Meta-Learning for Low Resource NMT

Meta-Learning for Low

Resource NMT

Introduction

● Historically Statistical Translation

● Neural Machine Translation recently outperforms

● Statistical Models outperformed translations on low resource language pairs

NMT Previous Work

Single Task Mixed Datasets

Monolingual Corpora

Direct Transfer Learning

Meta Learning in NMT

Improve on direct transfer learning by better fine-tuning

Danish

FrenchSpanish

Polish

Portuguese

Italian

17 High-Resource Languages 4 Low-resource Languages

Turkish

Romanian Latvian

Finnish

MAML for NMT

Danish

FrenchSpanish

Polish

Portuguese

Italian

17 High-Resource Languages 4 Low-resource Languages

Turkish

Romanian Latvian

Finnish

Meta-train on these!

Meta-test on these!

e.g.
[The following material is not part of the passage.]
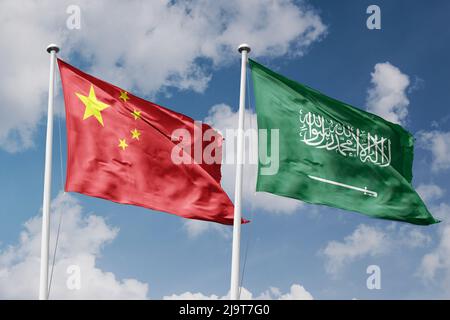 China and Saudi Arabia two flags on flagpoles and blue cloudy sky background Stock Photo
Spanish English

e.g. Turkish English

Note: they simulate low-resource by sub-sampling

Gradient Update

Meta-Gradient Update

Gradient Update

1st-order Approximate Meta-Gradient Update

Meta-Gradient Update

Issue: Meta-train and meta-test input spaces should match!

Meta-train

Meta-test

En un lugar de la mancha, de cuyo nombre no puedo...

In some place in the Mancha, whose name...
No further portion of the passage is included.